(INFORMATION begins)
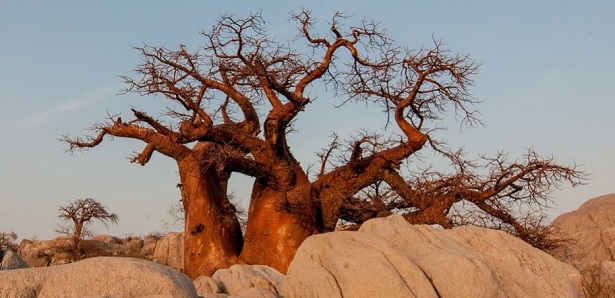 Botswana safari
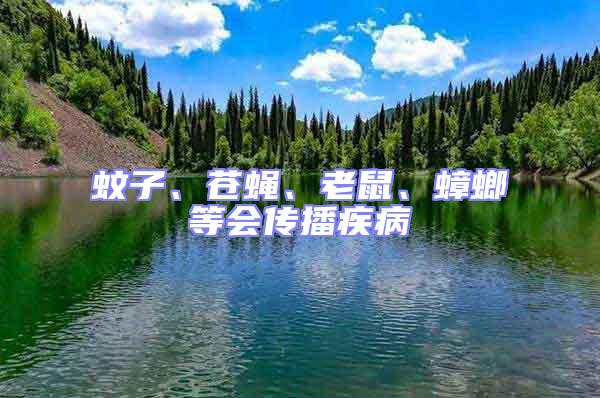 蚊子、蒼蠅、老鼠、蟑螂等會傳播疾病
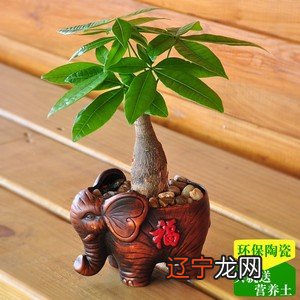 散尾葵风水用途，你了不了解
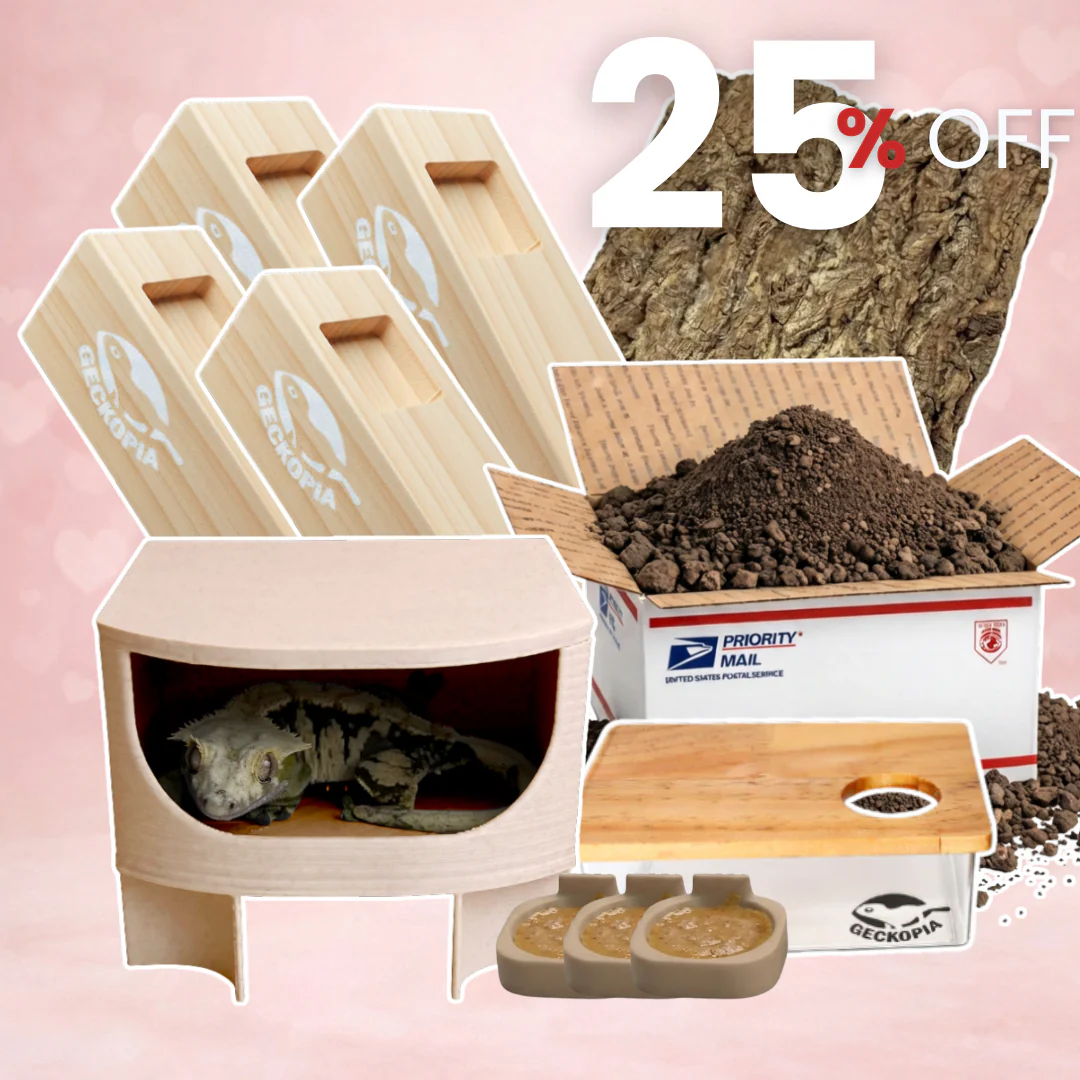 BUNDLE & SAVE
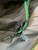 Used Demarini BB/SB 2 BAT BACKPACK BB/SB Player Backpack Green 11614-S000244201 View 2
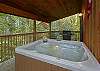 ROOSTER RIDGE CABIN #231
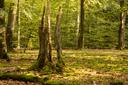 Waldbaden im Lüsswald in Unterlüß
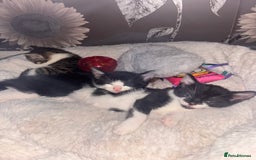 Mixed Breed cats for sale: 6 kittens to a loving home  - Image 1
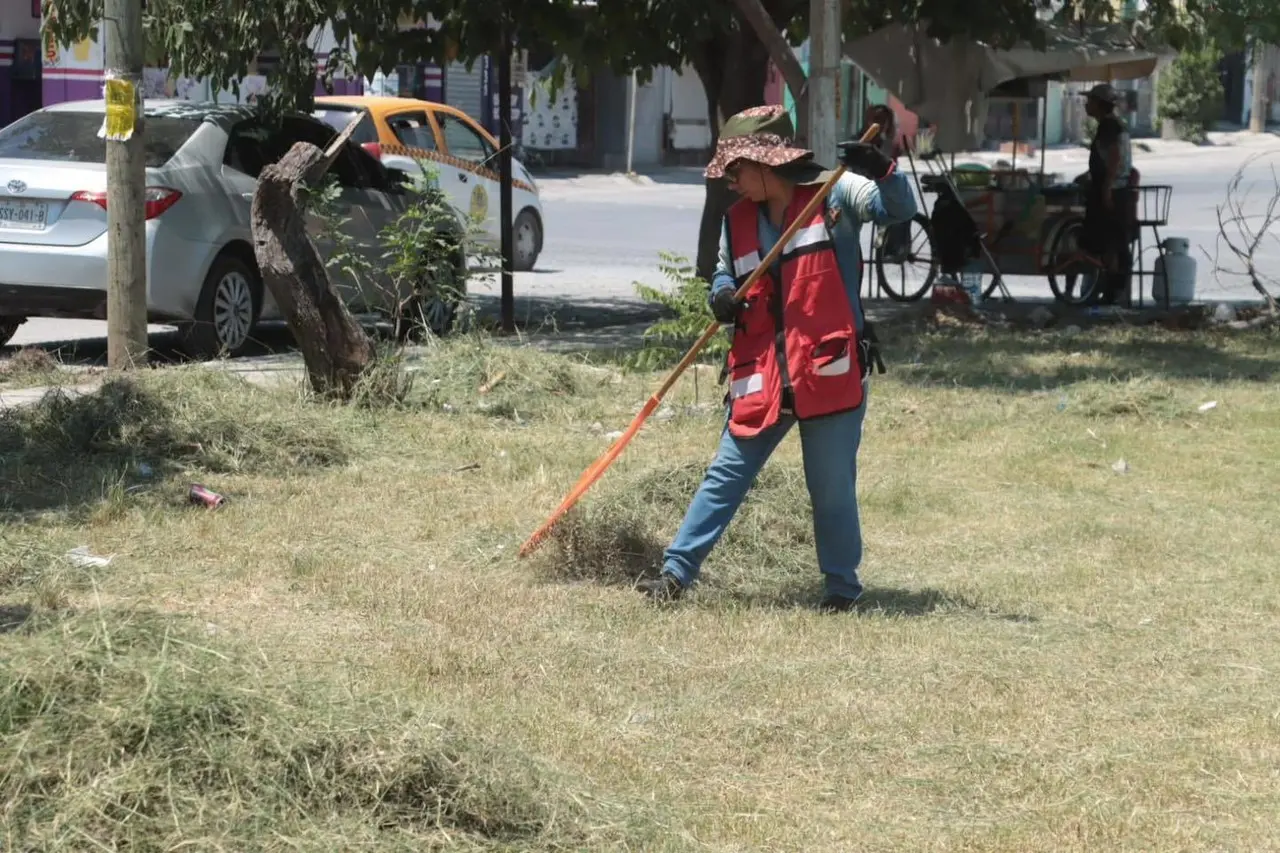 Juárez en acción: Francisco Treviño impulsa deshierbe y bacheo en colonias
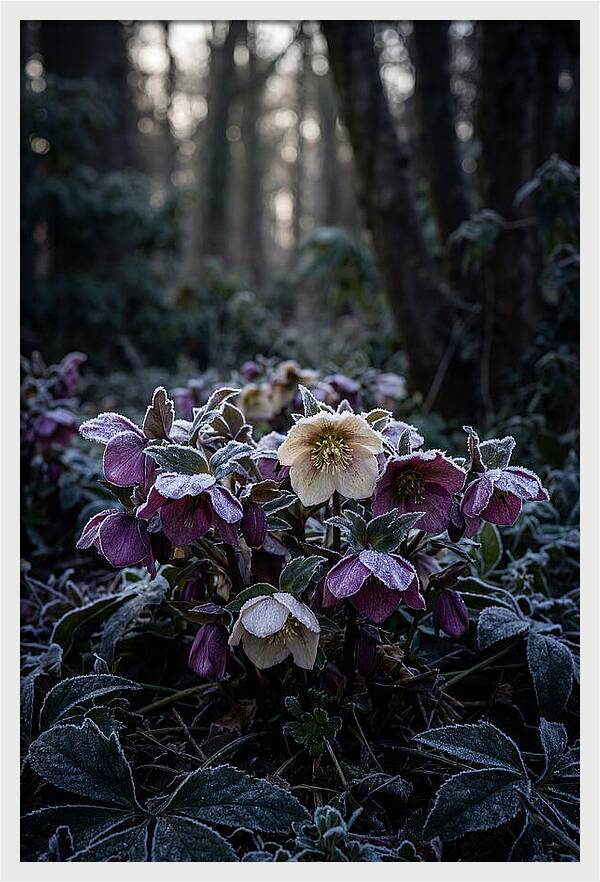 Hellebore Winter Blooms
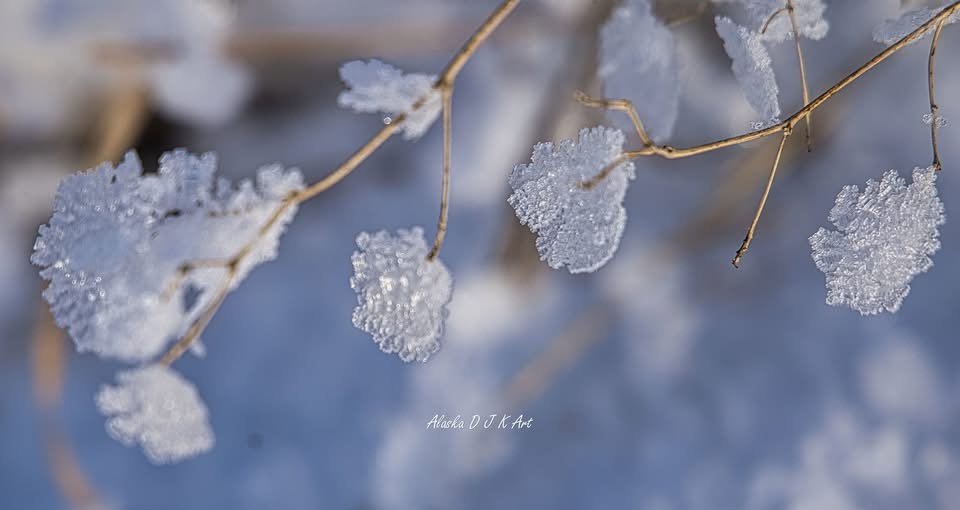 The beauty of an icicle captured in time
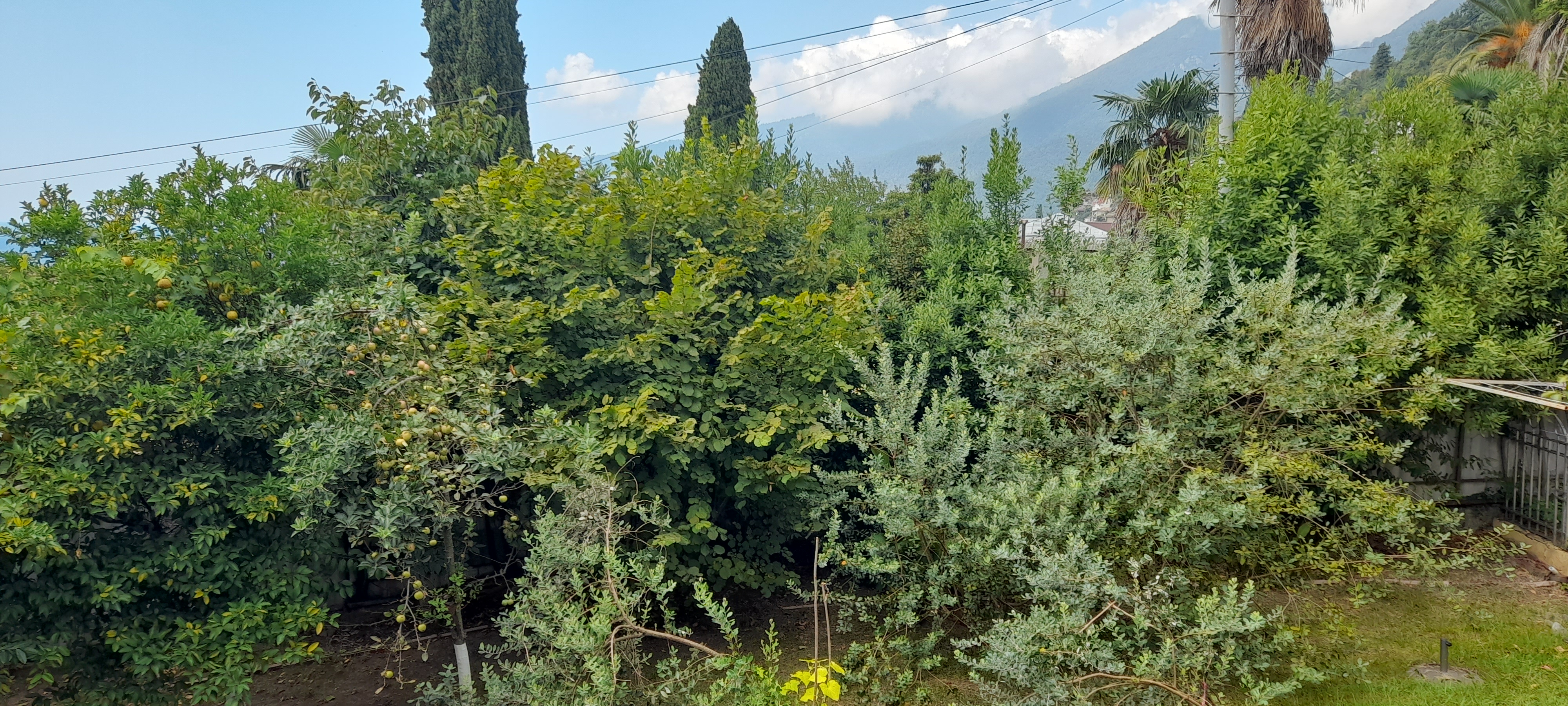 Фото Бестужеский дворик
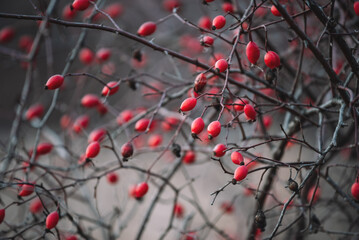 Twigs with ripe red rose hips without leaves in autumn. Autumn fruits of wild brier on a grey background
(INFORMATION ends)
(YOUR INSTRUCTIONS)
Output all data exactly, omitting images.

(EXERCISE RESULT)
 Botswana safari
 蚊子、蒼蠅、老鼠、蟑螂等會傳播疾病
 散尾葵风水用途，你了不了解
 BUNDLE & SAVE
 Used Demarini BB/SB 2 BAT BACKPACK BB/SB Player Backpack Green 11614-S000244201 View 2
 ROOSTER RIDGE CABIN #231
 Waldbaden im Lüsswald in Unterlüß
 Mixed Breed cats for sale: 6 kittens to a loving home  - Image 1
 Juárez en acción: Francisco Treviño impulsa deshierbe y bacheo en colonias
 Hellebore Winter Blooms
 The beauty of an icicle captured in time
 Фото Бестужеский дворик
 Twigs with ripe red rose hips without leaves in autumn. Autumn fruits of wild brier on a grey background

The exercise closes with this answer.